= Exercise brief =
Reproduce each line below precisely. Drop the pictures.

= Extracted data =
※

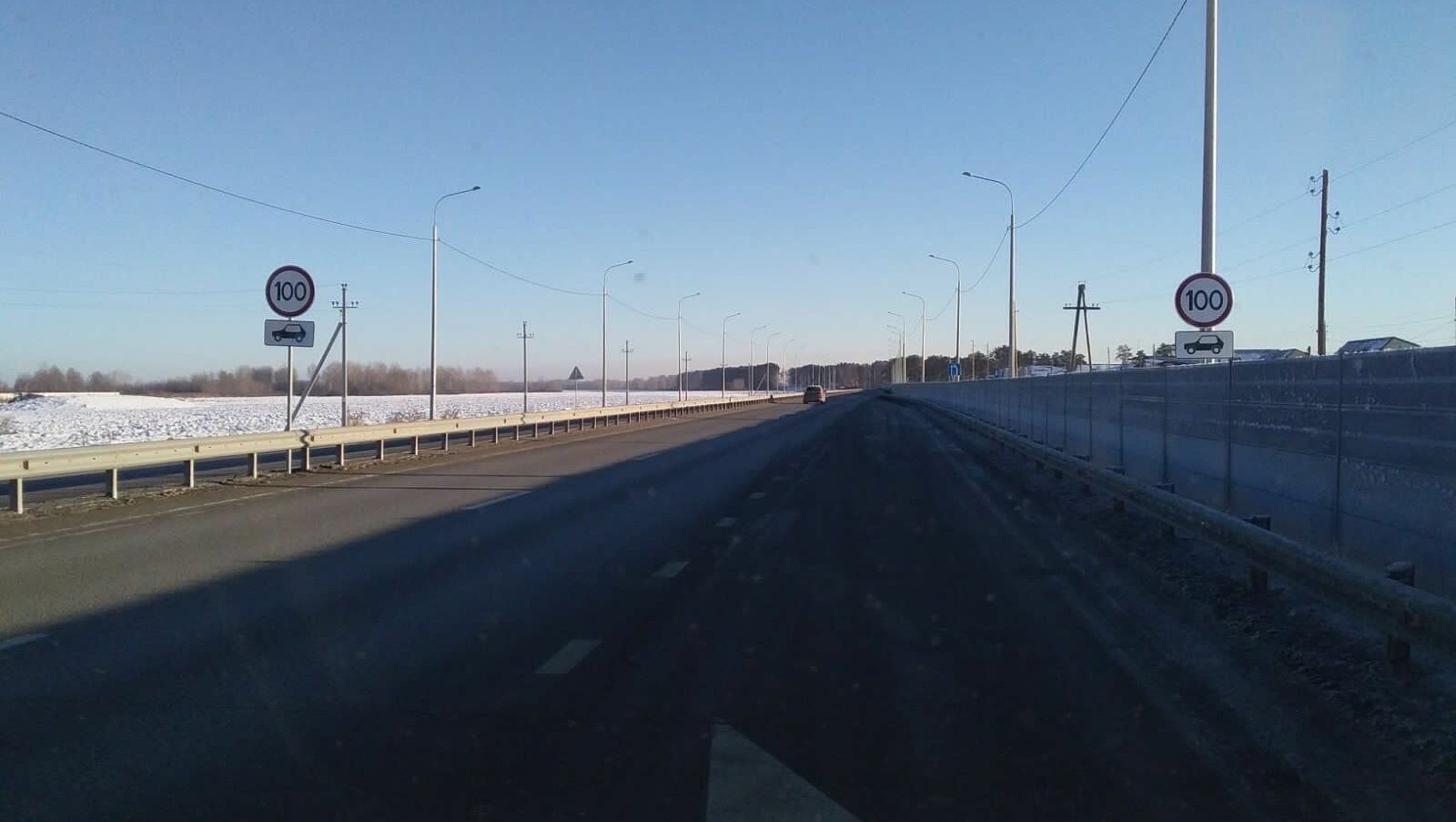 На федеральной дороге Тюмень — Ханты-Мансийск увеличен предел скорости для легковушек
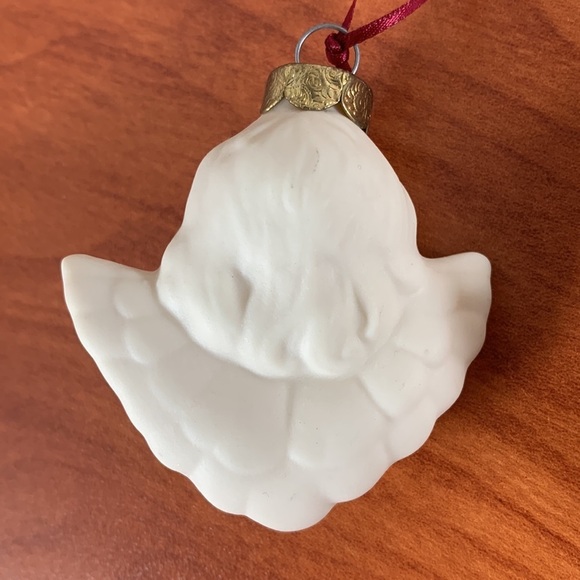 Vintage Porcelain Angels Christmas Holiday Tree Ornaments - set of 5 - Picture 11 of 11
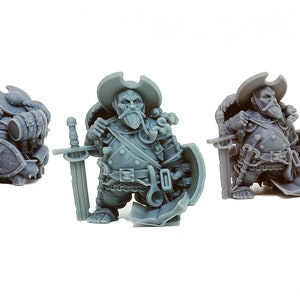 Don Quixote de La Panza Halfling Dreamer (Small) 28mm-32mm Scale Miniatures Sculpted by Ezipion.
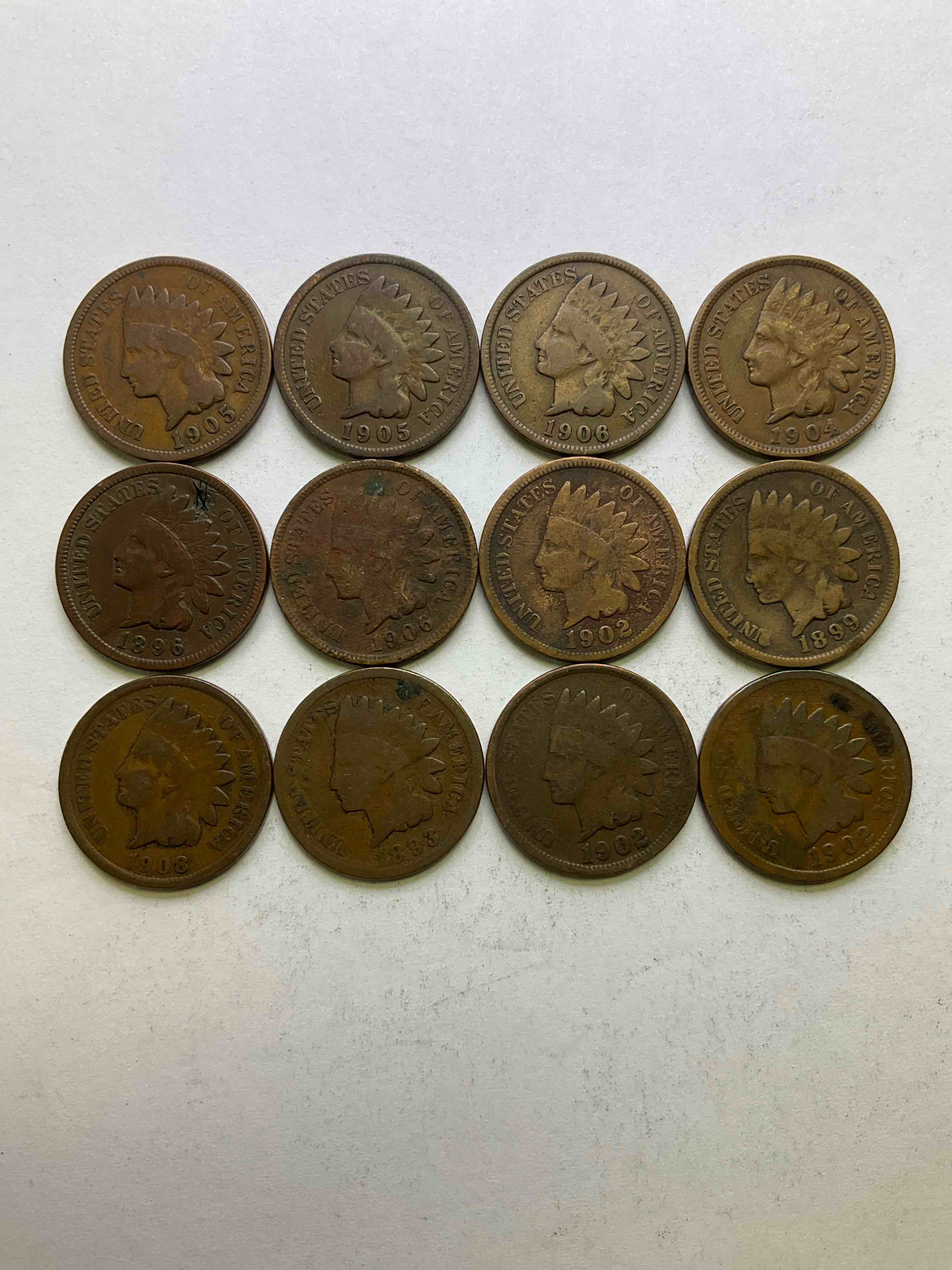 Indian Head Pennies! These Gorgeous U.S. Pennies Were Minted From 1859-1909 & Have Become Serious Collector Items! The "Indian Head" Design Is Actually A Representation Of Lady Liberty Wearing An Indian Headdress. Here Are Beautiful, Well-Kept Examples Representing Many Different Mint Years! Great For Collecting, Investing & Learning History, & Rare With Visible Dates!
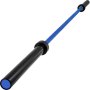 VEVOR Olympic Barbell 33 lbs Lifting Full Body Workout Fitness Exercise Bench Press Bar Capacity 1200LBS for Weightlifting Powerlifting and Crossfit Olympic Bar Weight Bar Bench Press （Blue）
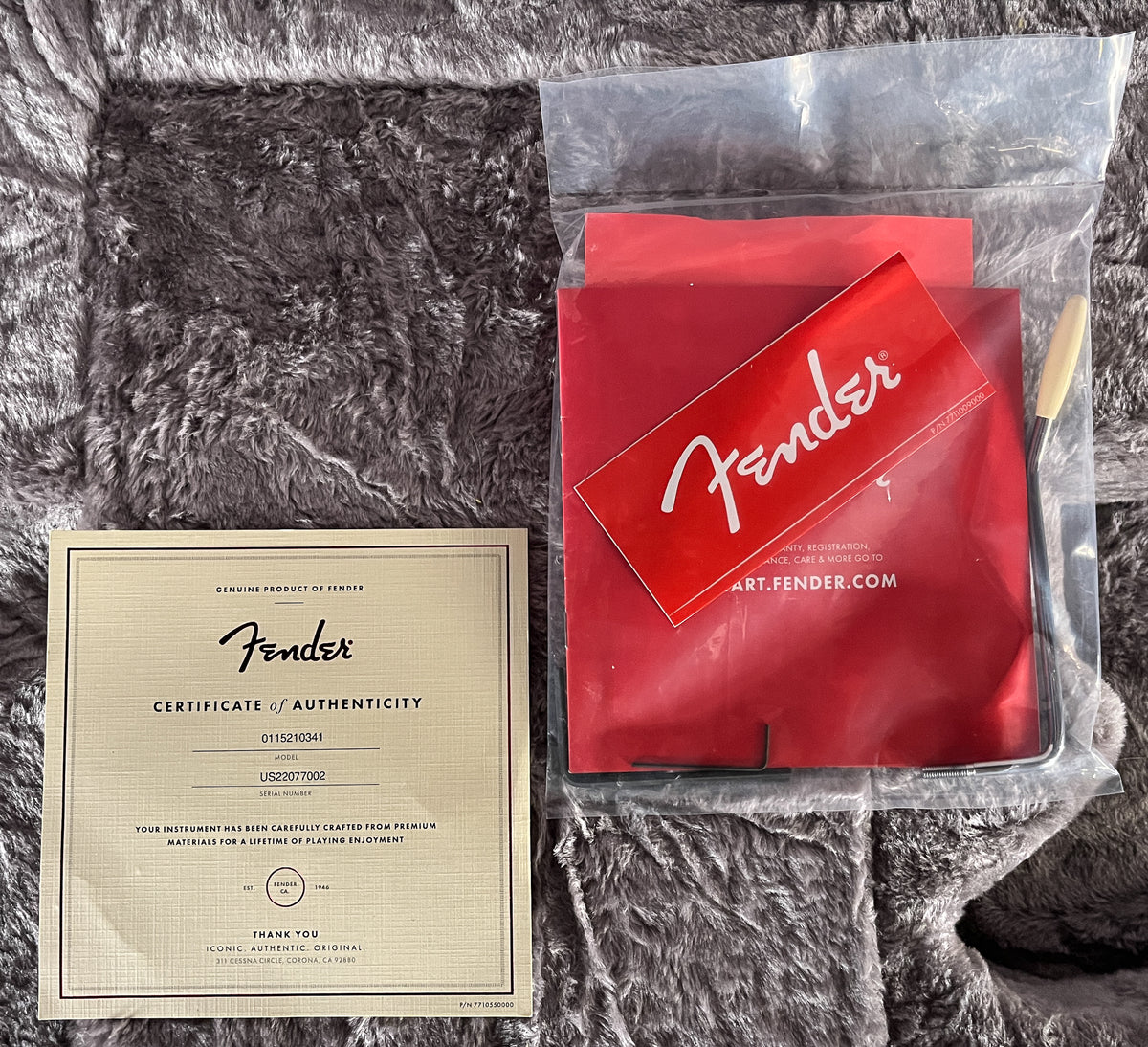 2022 Fender American Performer Jazzmaster Vintage White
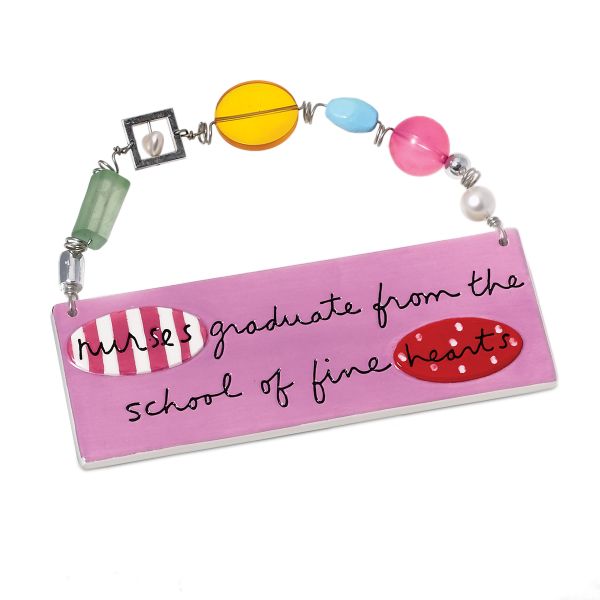 "Nurses Fine Hearts Plaque"""""
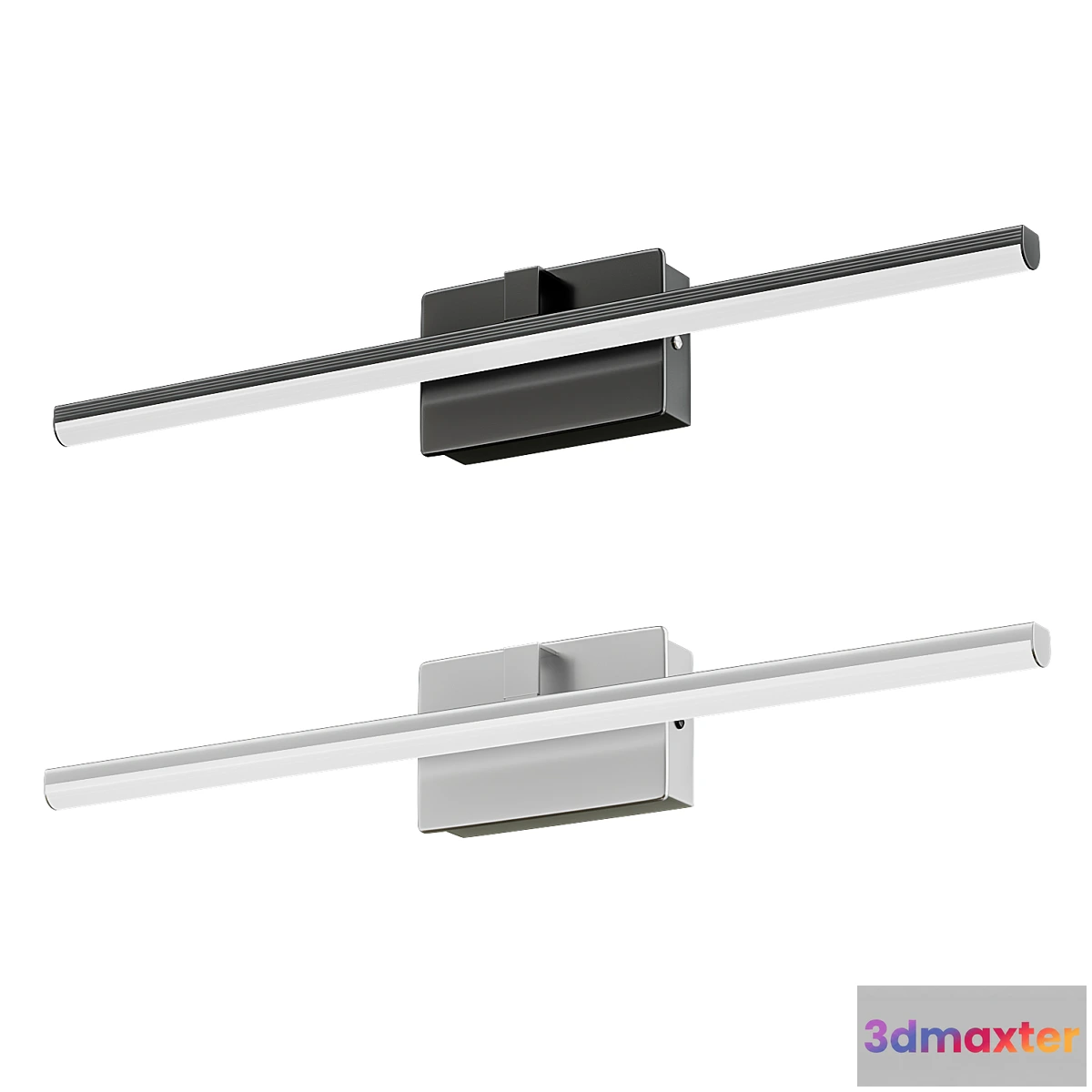 1457758 - Black and White Linear Vanity Light 3D Max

※

= Solution for this task =
 На федеральной дороге Тюмень — Ханты-Мансийск увеличен предел скорости для легковушек
 Vintage Porcelain Angels Christmas Holiday Tree Ornaments - set of 5 - Picture 11 of 11
 Don Quixote de La Panza Halfling Dreamer (Small) 28mm-32mm Scale Miniatures Sculpted by Ezipion.
 Indian Head Pennies! These Gorgeous U.S. Pennies Were Minted From 1859-1909 & Have Become Serious Collector Items! The "Indian Head" Design Is Actually A Representation Of Lady Liberty Wearing An Indian Headdress. Here Are Beautiful, Well-Kept Examples Representing Many Different Mint Years! Great For Collecting, Investing & Learning History, & Rare With Visible Dates!
 VEVOR Olympic Barbell 33 lbs Lifting Full Body Workout Fitness Exercise Bench Press Bar Capacity 1200LBS for Weightlifting Powerlifting and Crossfit Olympic Bar Weight Bar Bench Press （Blue）
 2022 Fender American Performer Jazzmaster Vintage White
 "Nurses Fine Hearts Plaque"""""
 1457758 - Black and White Linear Vanity Light 3D Max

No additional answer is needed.